WHAT THIS TASK INVOLVES
Nothing but the lines from the one with "הוילה Paulin Ancienne" through the last line of the entries below should appear in the copy, please, and no pictures.

[DATA FOR THE TASK Boundary: Start]

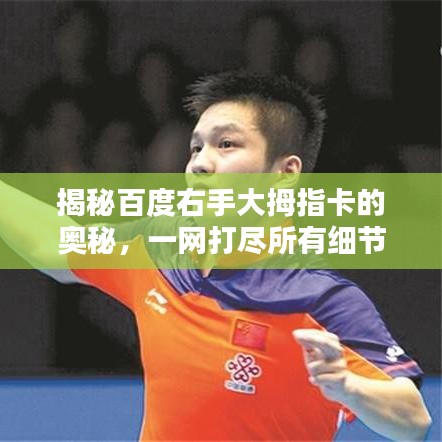 揭秘百度右手大拇指卡的奥秘，一网打尽所有细节探讨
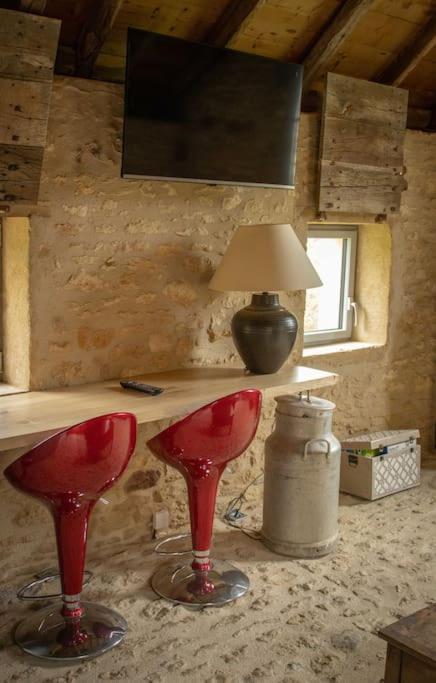 הוילה Paulin Ancienne Soue Amenagee Proche Sarlat מראה חיצוני תמונה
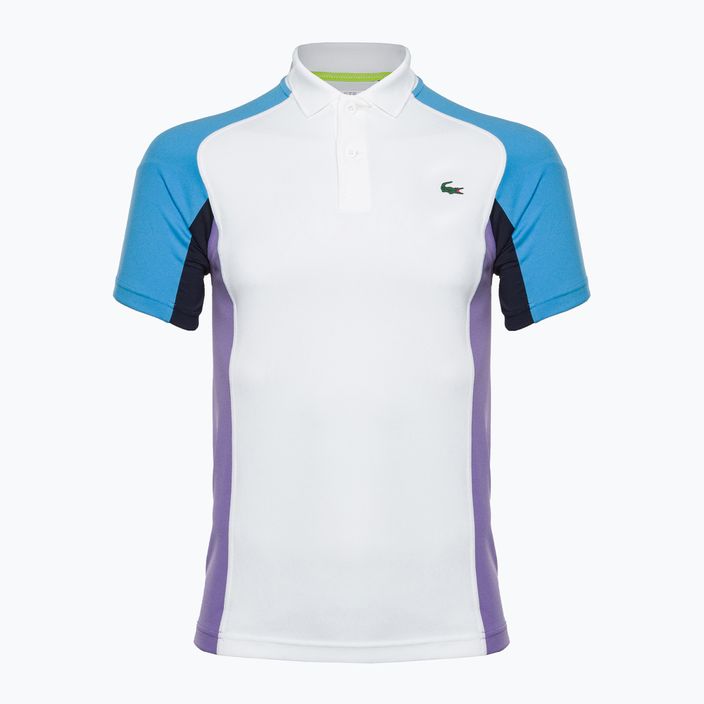 Lacoste Herren Tennis Poloshirt weiß DH9265
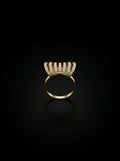 1Ct of Ring with the Purity of 14K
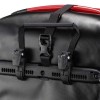 Par de bolsas para bicicleta Back-Roller Pro Classic Ortlieb - vermello - negro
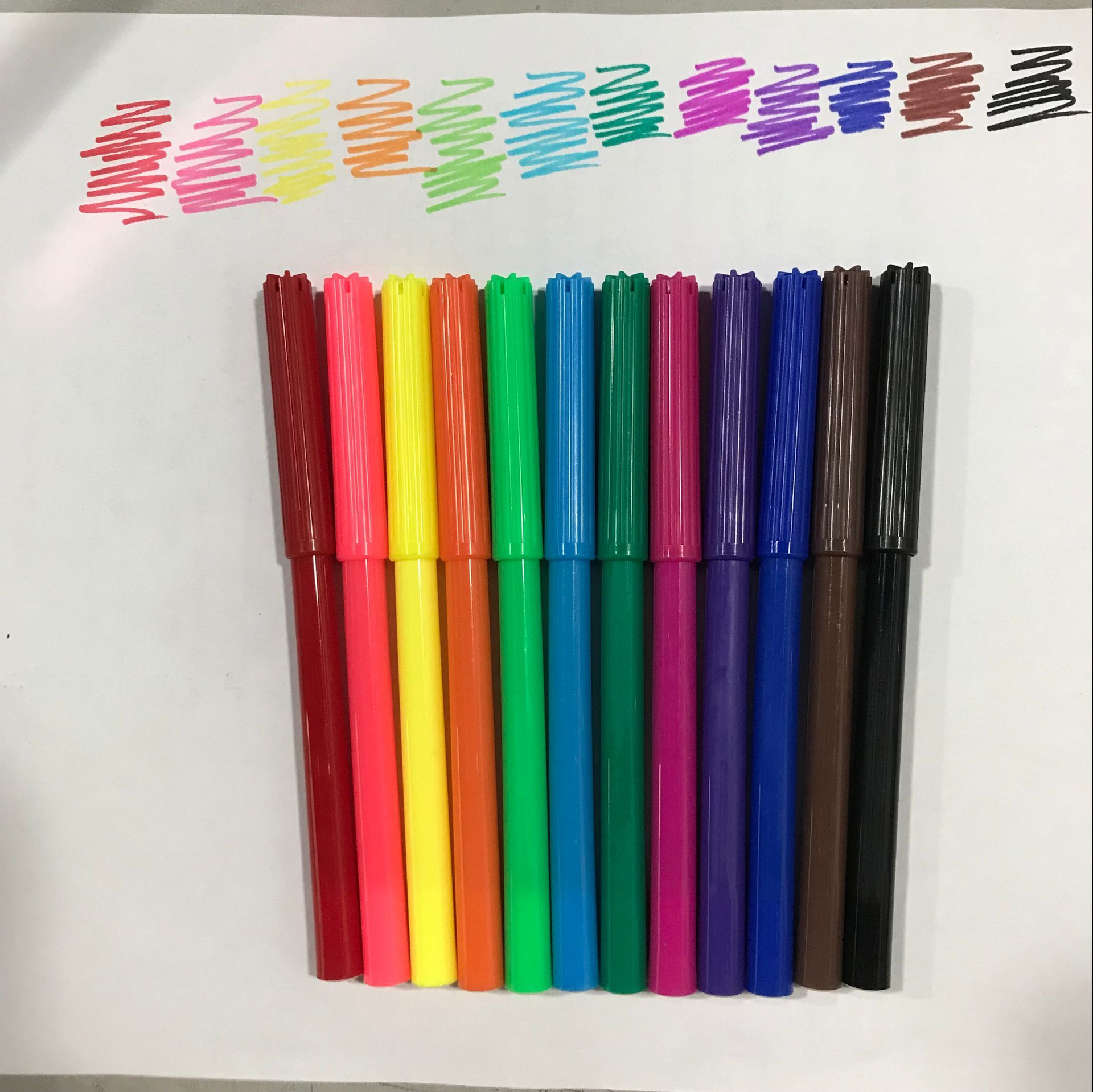 858 low price watercolor pen set environmental protection non-toxic manufacturers wholesale children's painting color pen Art brush washable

[DATA FOR THE TASK Boundary: End]

EXERCISE OUTPUT
 הוילה Paulin Ancienne Soue Amenagee Proche Sarlat מראה חיצוני תמונה
 Lacoste Herren Tennis Poloshirt weiß DH9265
 1Ct of Ring with the Purity of 14K
 Par de bolsas para bicicleta Back-Roller Pro Classic Ortlieb - vermello - negro
 858 low price watercolor pen set environmental protection non-toxic manufacturers wholesale children's painting color pen Art brush washable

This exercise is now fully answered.